* **TASK MATERIAL**:
───
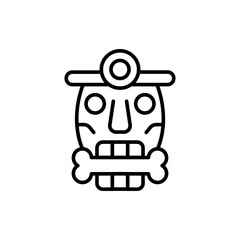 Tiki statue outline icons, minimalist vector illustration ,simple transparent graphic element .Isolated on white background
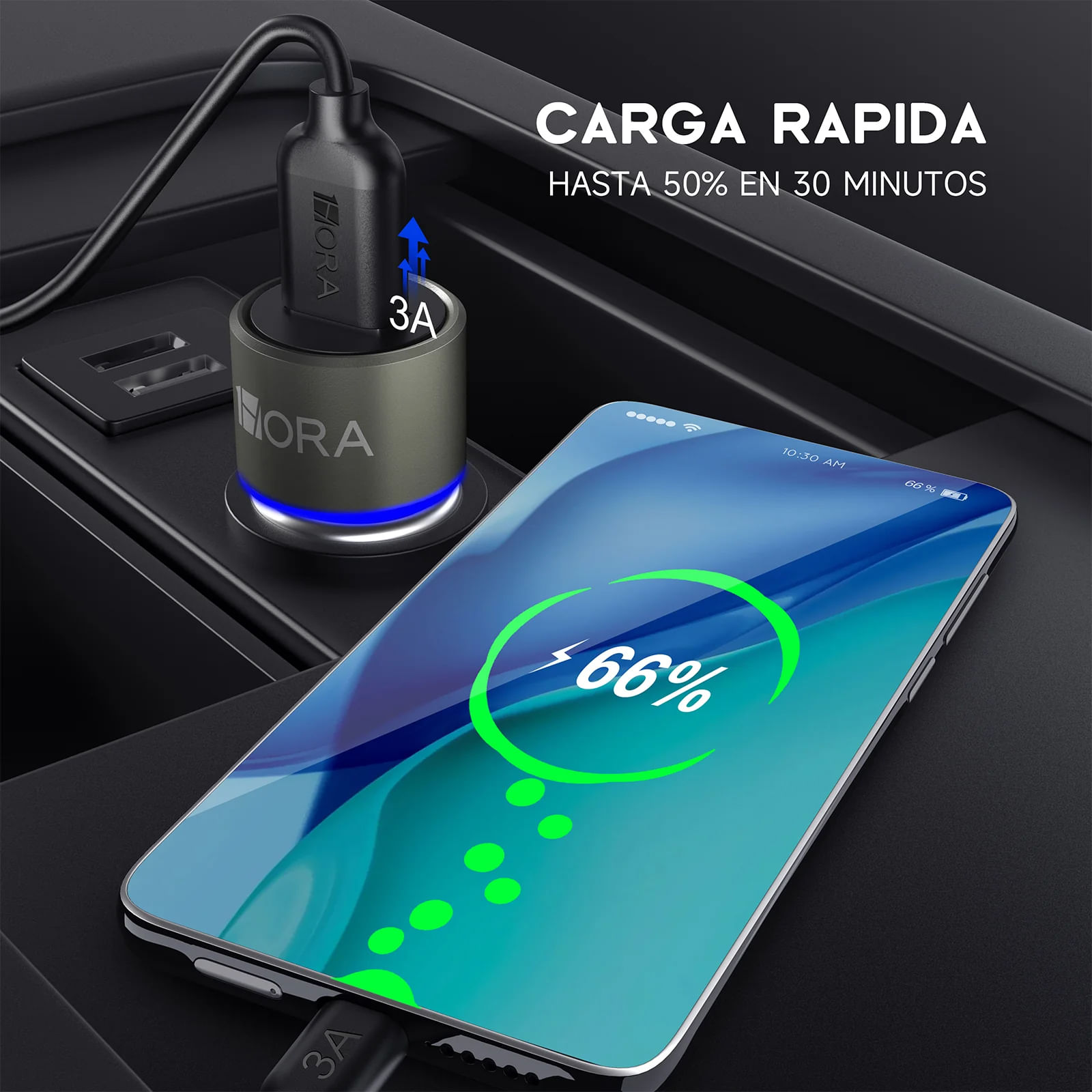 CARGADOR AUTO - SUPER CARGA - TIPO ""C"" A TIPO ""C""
───
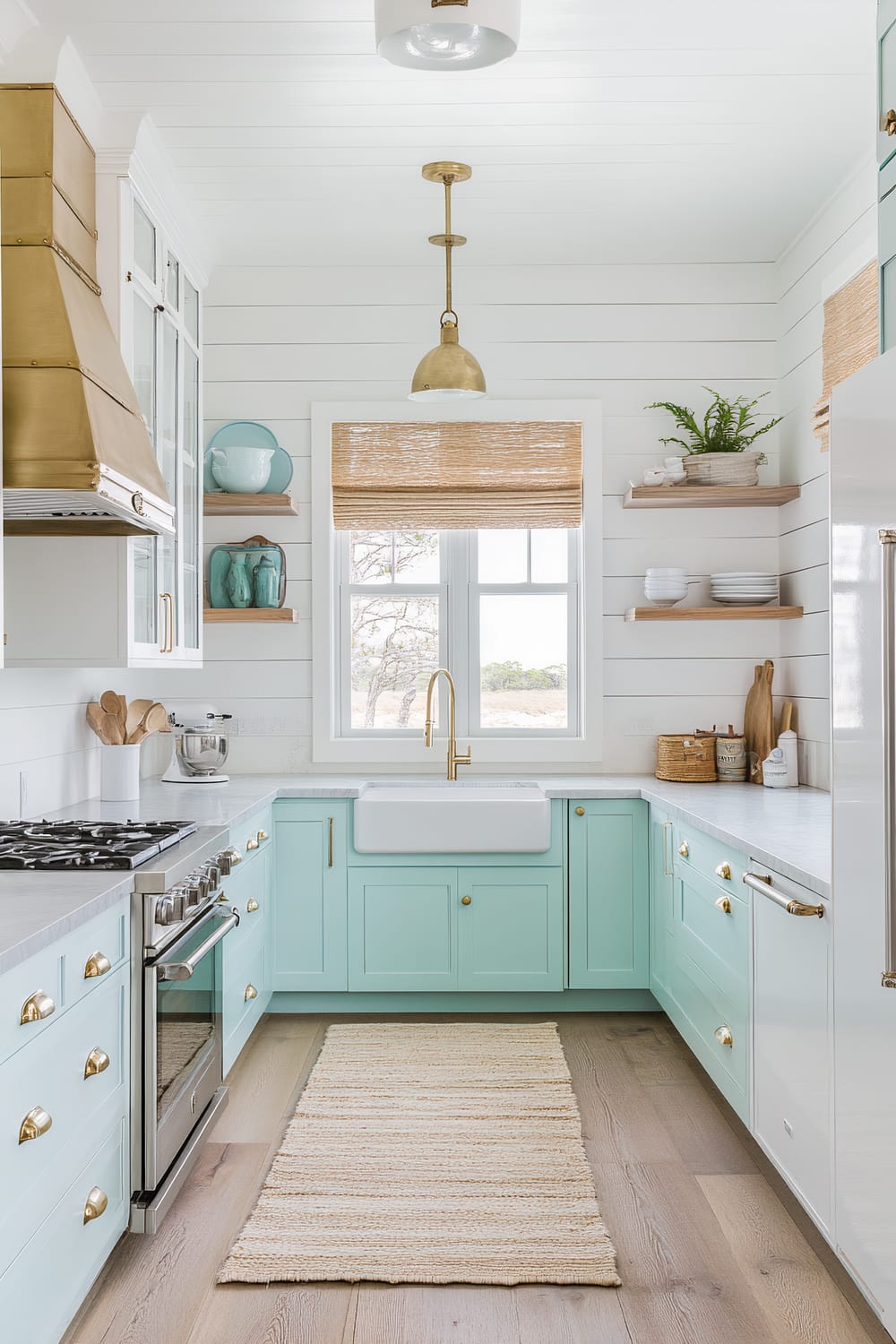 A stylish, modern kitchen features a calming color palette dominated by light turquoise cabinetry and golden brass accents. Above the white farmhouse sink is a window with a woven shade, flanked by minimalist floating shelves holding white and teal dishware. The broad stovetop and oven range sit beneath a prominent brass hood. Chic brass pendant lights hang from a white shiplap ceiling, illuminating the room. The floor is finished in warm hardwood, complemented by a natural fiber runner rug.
───
* **HOW TO COMPLETE THIS TASK**:
The answer should consist only of the lines above from the one with "Tiki statue outline" through the one with "CARGADOR AUTO - SUPER", repeated exactly, with no pictures among them.

* **SOLUTION TO THE PROBLEM**:
 Tiki statue outline icons, minimalist vector illustration ,simple transparent graphic element .Isolated on white background
 CARGADOR AUTO - SUPER CARGA - TIPO ""C"" A TIPO ""C""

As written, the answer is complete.